In the example above, the name property of the Product class is defined as having an implicitly unwrapped optional string type (String!). Because it is of an optional type, this means that the name property has a default value of nil before it is assigned a specific value during initialization. This default value of nil in turn means that all of the properties introduced by the Product class have a valid initial value. As a result, the failable initializer for Product can trigger an initialization failure at the start of the initializer if it is passed an empty string, before assigning a specific value to the name property within the initializer.

Take a look at the last sentence:

As a result, the failable initializer for Product can trigger an initialization failure at the start of the initializer if it is passed an empty string, before assigning a specific value to the name property within the initializer.

This can't be seen from the provided code . In the provided code, it can be seen that assignment has occurred before return nil part, and either String (non-optional) or String? (optional) would work.

Another thing is that in provided example, it make no sense to use an implicitly unwrapped optional if it is defined as constant. Constants have to be initialized to default values right before the init is finished.
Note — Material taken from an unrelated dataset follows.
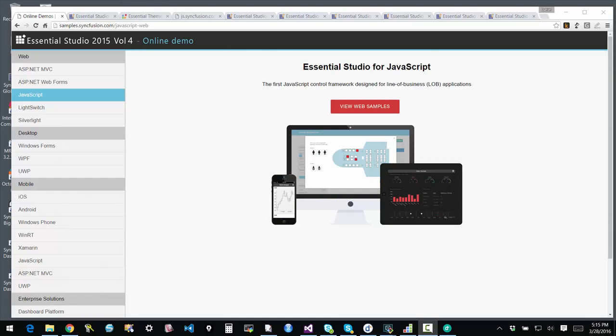Hello. In this video we will be walking through the Syncfusion Essential Studio for JavaScript. Syncfusion offers a complete suite of controls that target web applications.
Any thoughts on this, or does anybody see the reason not to file a radar about this? Maybe I am missing something ? I have an idea actually why is implicitly unwrapped optional used in here, but it is a bad example. For me, this would make more sense:

class Product {

    var name: String! //let is changed to var

    init?(name: String) {

       if name.isEmpty { return nil } //Check here if passed value is non-empty
       self.name = name
    }
}

This way, a initialization failure can be triggered before the any assignment to the name property.

Answer 1

All your concerns about misleading documentation are right.

Also, please note that in Swift 2.2 returning early from a failable initializer does work , even before all properties are initialized:

class Product {
    let name: String
    init?(name: String) {
        if name.isEmpty { return nil }
        self.name = name
    }
}

Another change is that deinit is not called any more when returning nil from the failable initializer.

From Xcode 7.3 beta 2 Release Notes :

Inside a class, a designated initializer that is either failable ( init?() ) or throwing ( init() throws ) is allowed to exit before initializing all stored properties and calling super.init() . This behavior is supported, making designated initializers more consistent with convenience initializers. Convenience initializers can also fail before performing a self.init() delegation.